[[ Dataset section open ]]

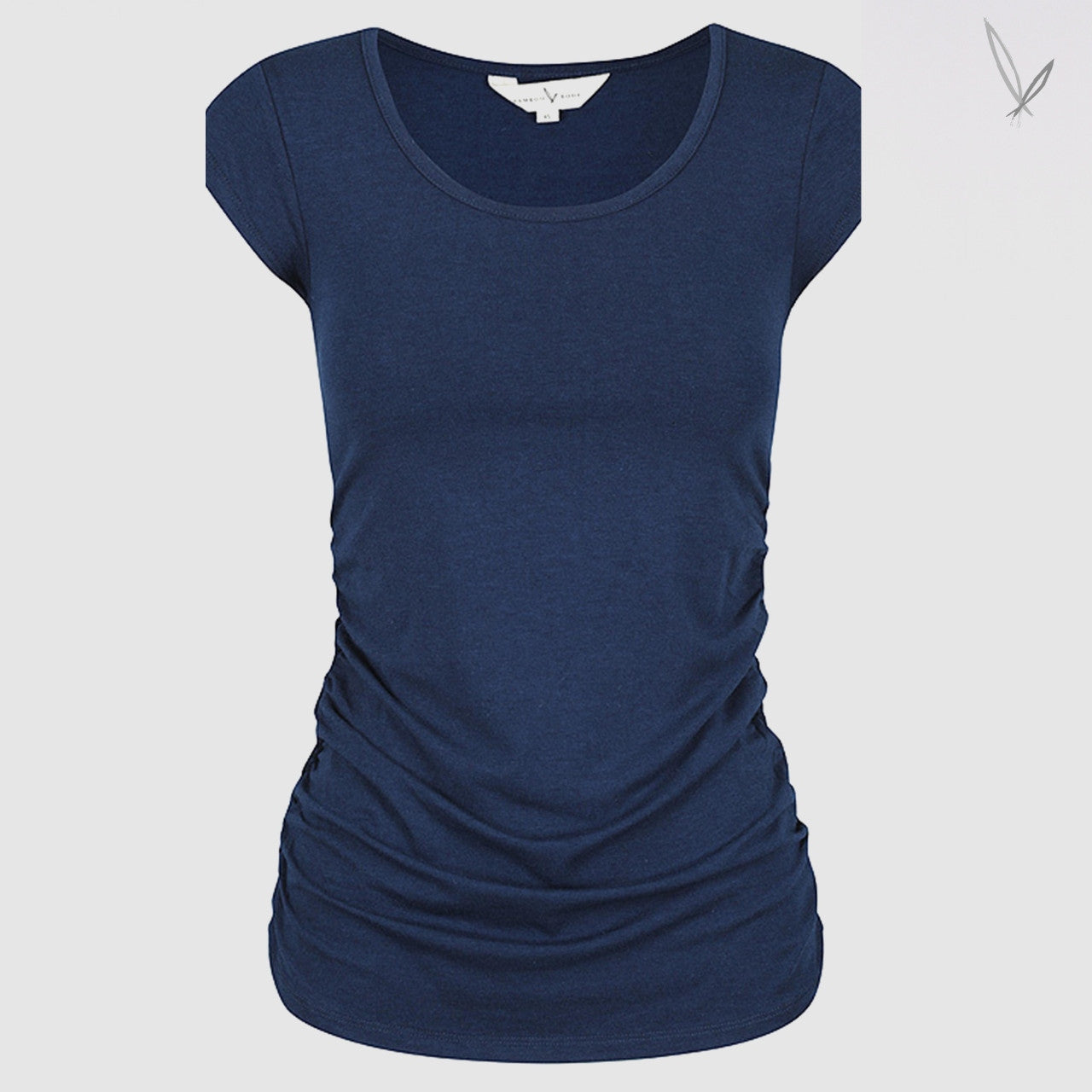 Women's Ruched Bamboo Tee - Navy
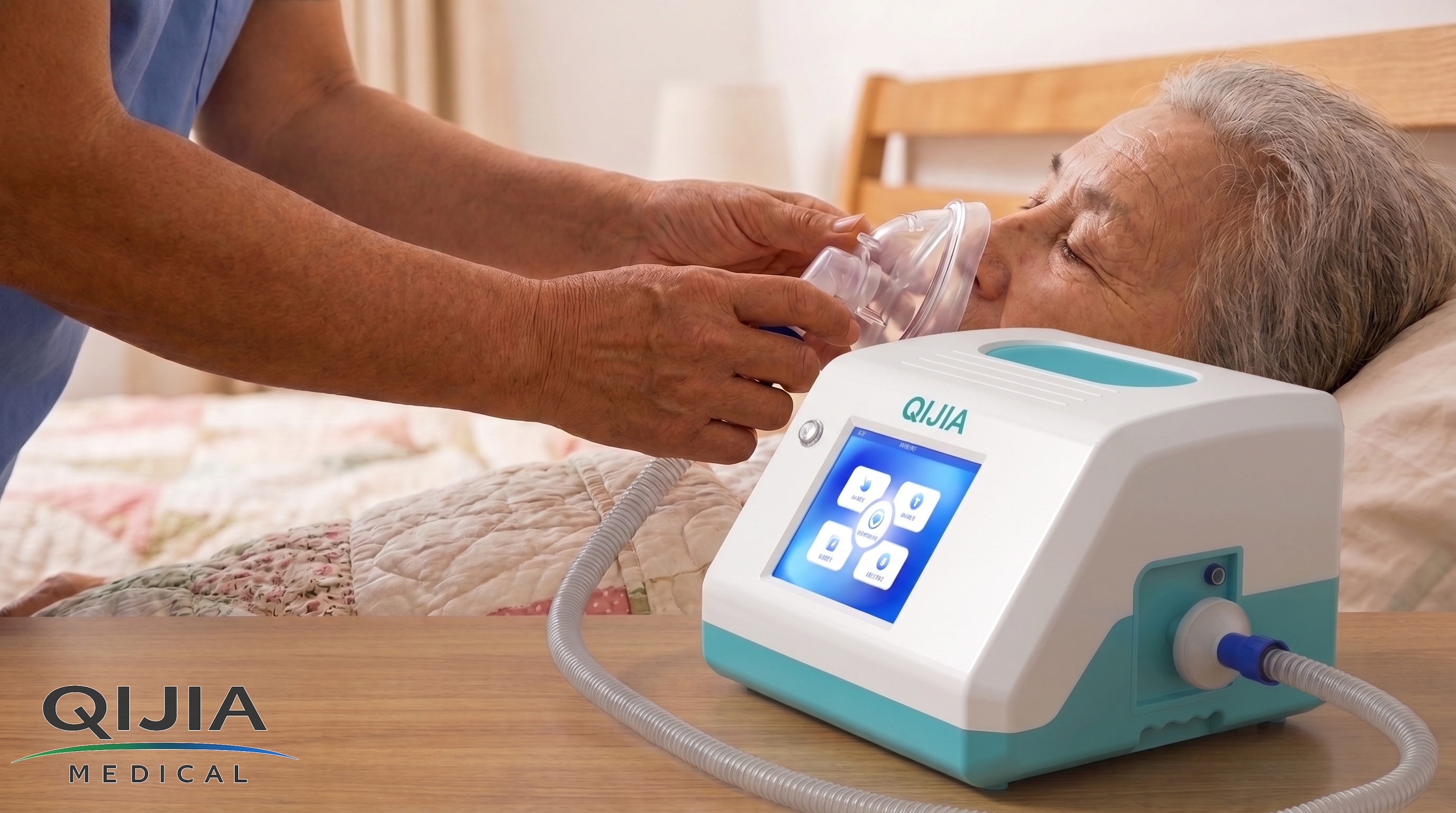 Caregiver_placing_mask_on_patient_cough_assist_device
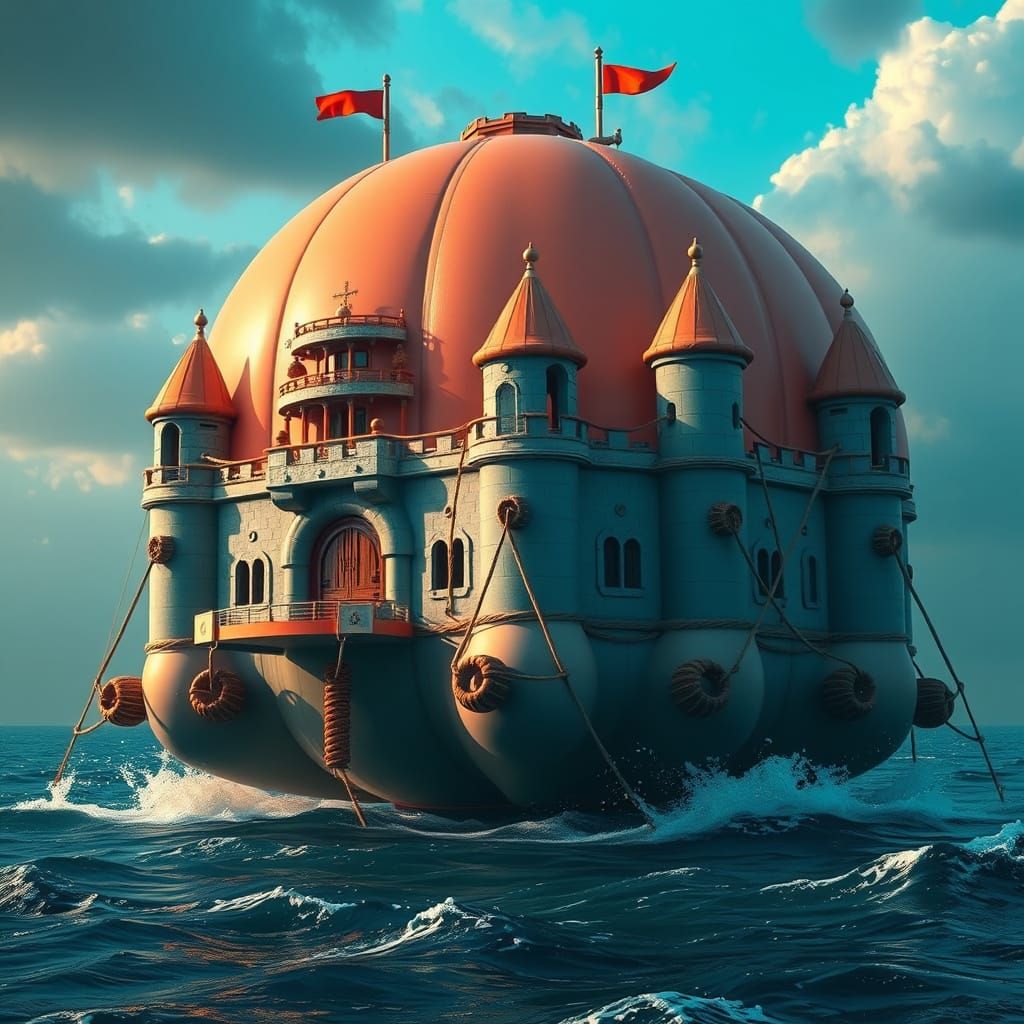 Inflatable Castle Floating on the Ocean: Matte Painting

[[ Dataset section closed ]]

What this task involves>
Transcribe the listing exactly. Its images are to be omitted.

Solution below>
 Women's Ruched Bamboo Tee - Navy
 Caregiver_placing_mask_on_patient_cough_assist_device
 Inflatable Castle Floating on the Ocean: Matte Painting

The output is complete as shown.